Anayasa Mahkemesi’ne bireysel başvuru çok yeni bir şey
aslında. Onlar da içtihatlarını yeni yeni tamamlamaya çalışıyorlar. Genellikle
de Avrupa İnsan Hakları Mahkemesi’ne (AİHM) paralel bir şekilde davranıyorlar.

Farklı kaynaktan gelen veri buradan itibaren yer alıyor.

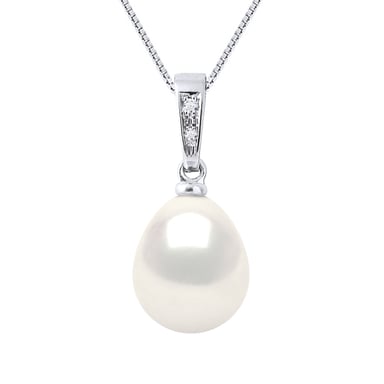 Colgante de diamantes 0.010 CTS Cultado perla agua dulce pera 9-10 mm de oro amarillo negro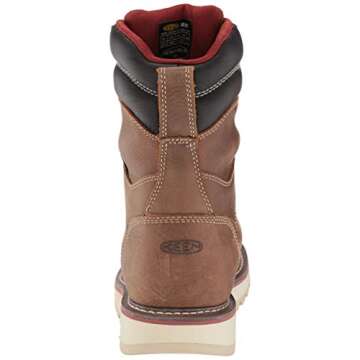 KEEN Utility Women's Cincinnati 8" Soft Toe Waterproof Wedge Work Boot and Construction, Belgian/Sandshell, 10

Mesela AİHM bir ülkeden sürekli işkence suçuyla ilgili başvuru alırsa iç hukuk
yollarının tükenmesini beklemiyor. Zaten hali hazırda o ülkede mahkemelerin bu
konuda işleyişinin tarafını görmüş oluyorlar. Dolayısıyla direkt olarak
başvuruyu kabul ediyorlar. Twitter’ın erişime tekrar açılması konusunda aslında
Anayasa Mahkemesi, AİHM’e benzer bir şekilde başvuruyu kabul etti ve kararını
verdi.
İnternetle birlikte
bir takım sorunlar da ortaya çıktı. Sorumluluk gibi… Birine hakaret ettiğinizde
sosyal medya üzerinden pek takibi yapılmıyor sanırım. Tabii eğer ünlü
değilseniz.
Gerçek hayatta yaptığınız herhangi bir hareket suçsa bunu
internette yaptığınızda da suç olur. O konuda bir tartışma yok. İnternetin
sınırları ortadan kaldıran bir yapısı var. Bir devletin hukuksal sınırları,
kendi egemenlik alanında mümkün olur. Mesela Twitter bir Amerikan şirketi.

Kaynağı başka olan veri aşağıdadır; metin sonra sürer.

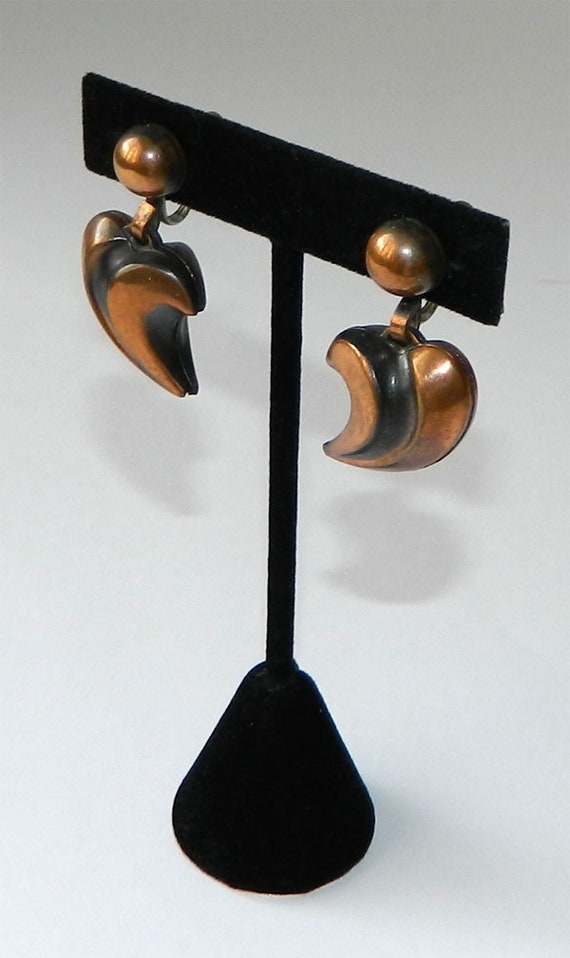 Vintage 1950s Rebajes Copper Crescent Drop Earrin… - image 5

Haliyle de Amerikan hukuk kurallarına bağlı. Fakat bütün dünyada hizmet verdiği
için o ülkelerin hükümetleri ve insanlarıyla da kavga içinde olmak istemez.

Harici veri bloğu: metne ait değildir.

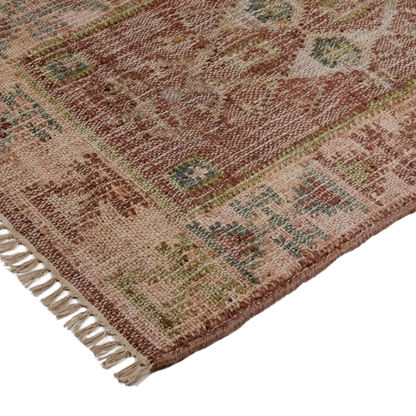 Muscat - Jute Kelim Gulvtæppe - Cognac/Green/Rose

Birkaç sorun var aslında. Birincisi bizim hakaret dediğimize Amerikalı ya da
İngiliz hareket demeyebiliyor. Adli yollarla hareket etmek çok zor. Önce
mahkemeler ardından dışişleri bakanlıkları devreye girmesi gerekiyor. Çok uzun
bir yol. Bu tarz sorunları sistem içinde çözmek çok daha kolay. Hakarete
ilişkin konularda çözüm bu yüzden çok hızlı olmayabiliyor. Aslında en büyük
sorun eleştiri hakkının nerede bitip hakaretin nerede başladığını belirlemek.
Biraz daha konuyu
özele indirgemek istiyorum. Aslında çokça karşılaştığımız bir duruma. Mesela 2
arkadaş cep telefonlarıyla konuşuyorlar. Ardından biri ekran görüntüsünü
kaydedip sosyal mecralarda paylaşıyor. Özel yaşamın gizliliği açısından bu suç
mu?
Suç. Hem de hiç tereddütsüz. Özel haberleşmenin gizliliğini
ihlal Türk Ceza Kanunu’nda suçtur. Özel haberleşmenin gizliliği anayasa
tarafından da korunur. Eğer biri görüşmenizi kayıt altına alıyorsa bunu
belirtmek zorunda. Ayrıca ne için kullanacağını da söylemesi gerekiyor. Kayda
aldığını belirtiyor olması istediği gibi paylaşabileceği anlamına gelmiyor.